As stated earlier, I have no idea which semantics exactly a
afio::future<T> has ...

>
> You are correct that the implicit handle_ptr available from
> afio::future<>.get_handle() always has shared future semantics.
> That's because handle_ptr is a shared_ptr, so you are already
> referring to shared state, and therefore shared future semantics
> would seem to fit best.
>
> Should afio::future<>.get_handle() always have shared future
> semantics? This is a very profound question, and the entire of the
> AFIO design hangs around that design choice. It was not an easy
> decision back in 2012, and it is still not an easy decision in 2015
> even after hundreds of hours working on AFIO.
>
> I share completely your unease with the design choice, and I have the
> same problems you do. I can only tell you that on balance, I think
> that shared future semantics for the handle_ptr only make for a much
> easier implementation, and I chose ease of maintenance over
> strictness.
>
> I don't think that this design choice impacts end users. No end user
> code is going to get broken or misdesigned (in my opinion) by
> handle_ptr always having shared future semantics. It is, in my
> opinion, a quality of internal implementation decision.

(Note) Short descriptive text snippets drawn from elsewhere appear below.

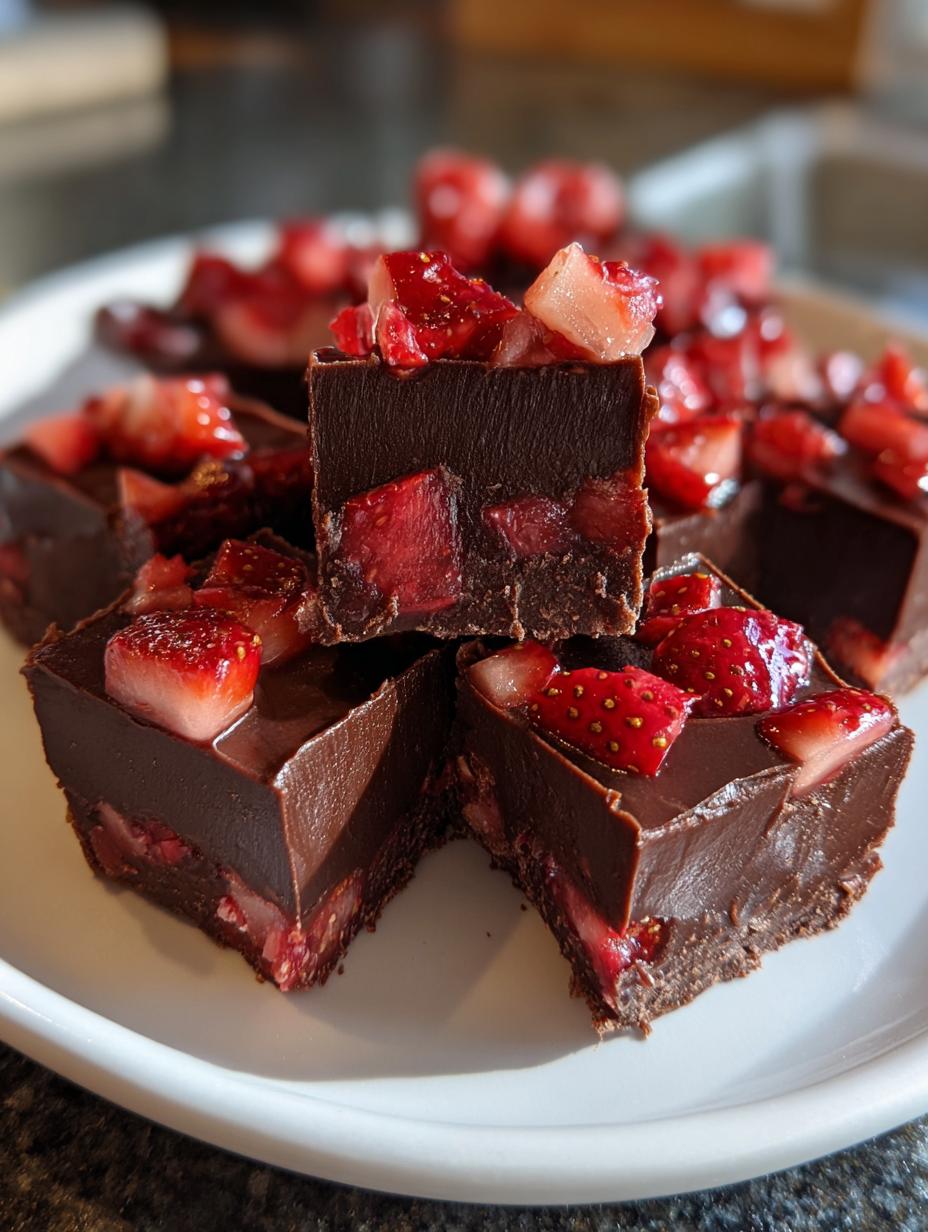 Chocolate Strawberry Fudge - detail 2
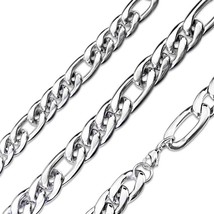 Large Figaro Chain Necklace Mens Silver Stainless Steel 11mm wide 15-20-... - £23.14 GBP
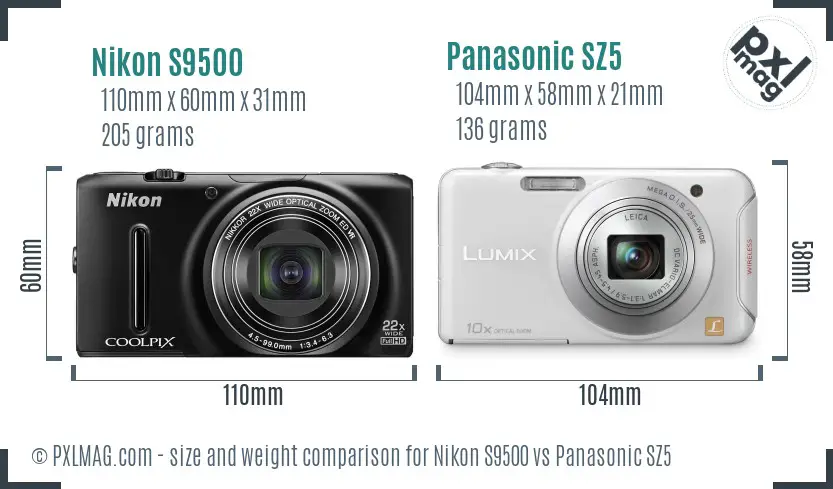 Nikon S9500 vs Panasonic SZ5 size comparison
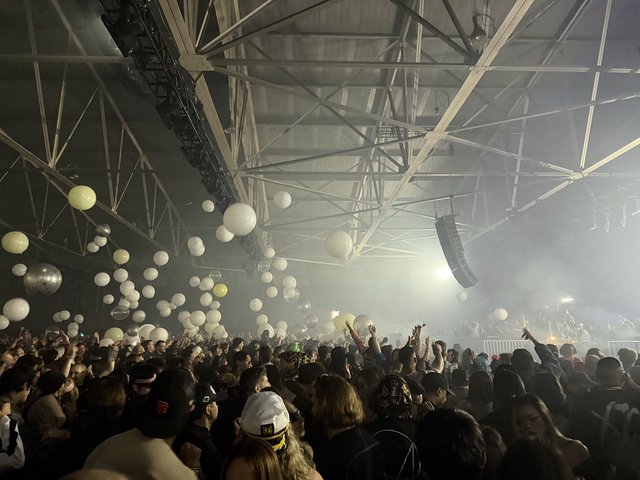 Skrillex Concert with Floating Balloons and Massive Crowd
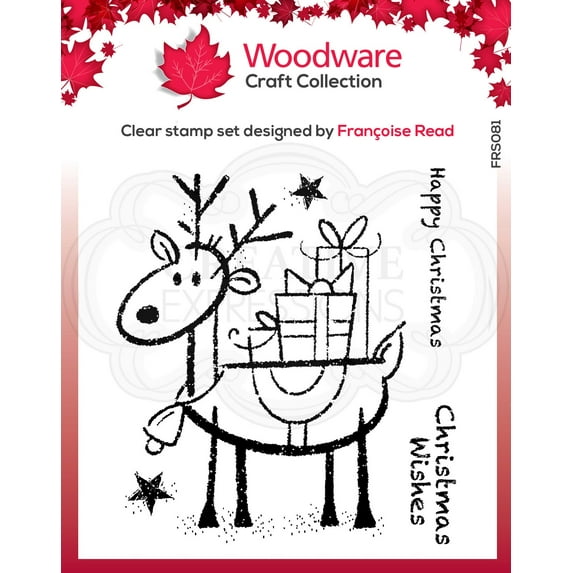 Woodware Clear Singles Rudolph Pressies 4 in x 6 in Stamp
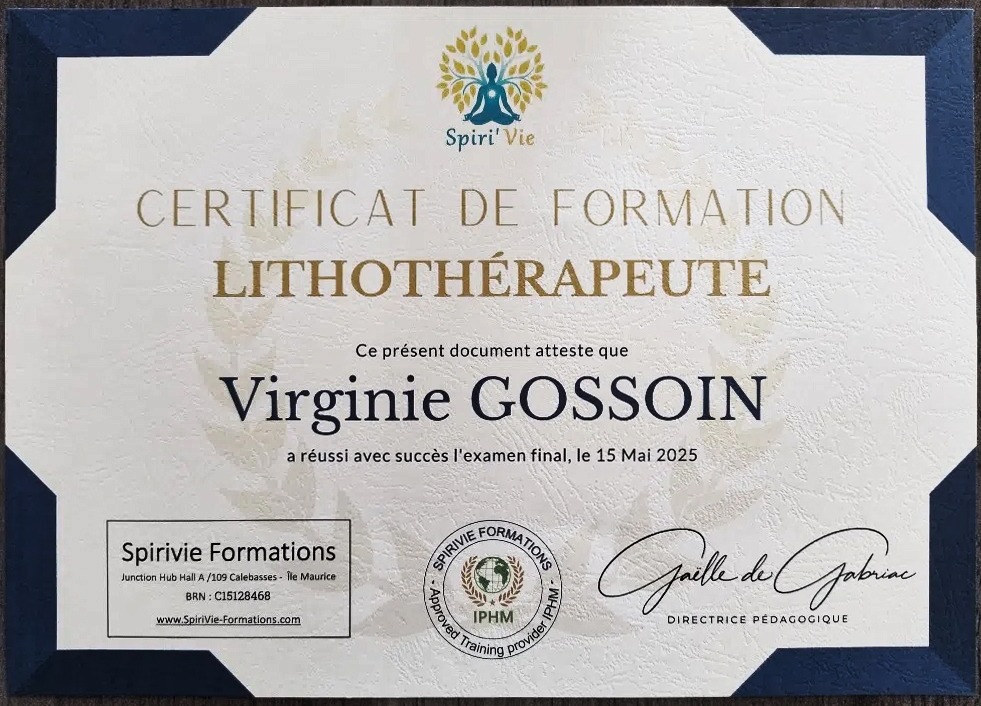 photo diplome Virginie GOSSOIN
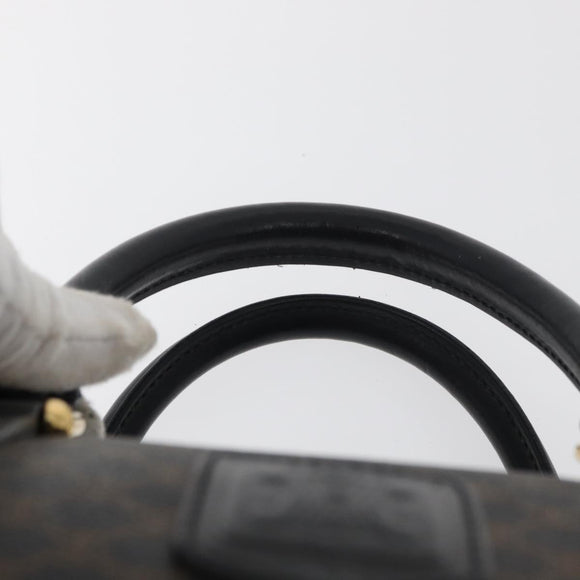 CELINE Macadam Canvas Boston Bag PVC Leather Black Gold Auth 179006A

It is misdesigned in the way that it implies shared ownership from the
start on, that is something that should be left to the user.

>
> I think the true controversial design choice is the concept of a
> future<> type transporting more than one thing each with differing
> semantics. Especially when future<T> is allowed and expected to type
> slice into future<void> when entering the AFIO DLL boundary.
>
> These controversial design choices are exactly why I wanted a Boost
> peer review now. If someone can think of a better viable solution
> which allows a stable DLL ABI, I am more than happy for AFIO to be
> rejected now and I reimplement a fundamentally better design in a new
> reborn AFIO.

If handle and future<T> is ABI safe, then future<handle> is ABI safe.
Besides, a implicit conversion from future<T> to future<void> is
perfectly acceptable, but should not and doesn't need to include type
slicing.

>
>> - Extensive use of shared_ptr:
>>
>> Some functions return some shared_ptr (specifically handle and
>> dispatcher), therefore probably always relying on some sort of memory
>> allocation. This seems to be due to the fact that only opaque abstract
>> base classes are returned from those API functions. Why not return
>> unique_ptr or even by value of the distinct type?
>
> The answer is lifetime and stability of DLL ABI. AFIO v1.0 didn't
> make as much use of shared_ptr, and it had race issues and a bad
> balance of locking as a result. I rewrote the core engine in v1.2 to
> use shared_ptr to manage lifetime and therefore remove all but two
> locks per operation because the shared_ptr can be relied upon to keep
> lifetime without locking. Performance was immensely improved.

>
> Can a lighter weight AFIO be implemented? Yes. Should it be? No [1].
> The overhead of a shared_ptr is immaterial to a 1m CPU cycle i/o
> operation. And shared_ptr makes the code much easier to maintain, and
> much harder to accidentally introduce races during a modification.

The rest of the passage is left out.